*** RECORDS PROVIDED ***

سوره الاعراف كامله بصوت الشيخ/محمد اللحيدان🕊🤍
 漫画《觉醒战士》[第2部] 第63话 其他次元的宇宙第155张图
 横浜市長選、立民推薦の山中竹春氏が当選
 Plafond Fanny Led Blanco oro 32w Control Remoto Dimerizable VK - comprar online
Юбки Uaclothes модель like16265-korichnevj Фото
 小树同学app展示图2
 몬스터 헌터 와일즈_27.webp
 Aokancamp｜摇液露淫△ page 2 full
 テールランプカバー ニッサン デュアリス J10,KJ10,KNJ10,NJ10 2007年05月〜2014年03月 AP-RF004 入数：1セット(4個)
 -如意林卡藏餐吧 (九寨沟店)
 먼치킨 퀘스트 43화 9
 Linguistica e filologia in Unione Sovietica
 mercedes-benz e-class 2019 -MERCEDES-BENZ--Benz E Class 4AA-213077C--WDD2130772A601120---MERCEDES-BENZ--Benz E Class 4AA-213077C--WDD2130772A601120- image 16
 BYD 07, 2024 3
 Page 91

*** End of RECORDS PROVIDED ***

Repeat, without change, each line of the data above from the one that contains "テールランプカバー ニッサン デュアリス" through the final line, counting both.

- [SOLUTION TO THE EXERCISE]:
 テールランプカバー ニッサン デュアリス J10,KJ10,KNJ10,NJ10 2007年05月〜2014年03月 AP-RF004 入数：1セット(4個)
 -如意林卡藏餐吧 (九寨沟店)
 먼치킨 퀘스트 43화 9
 Linguistica e filologia in Unione Sovietica
 mercedes-benz e-class 2019 -MERCEDES-BENZ--Benz E Class 4AA-213077C--WDD2130772A601120---MERCEDES-BENZ--Benz E Class 4AA-213077C--WDD2130772A601120- image 16
 BYD 07, 2024 3
 Page 91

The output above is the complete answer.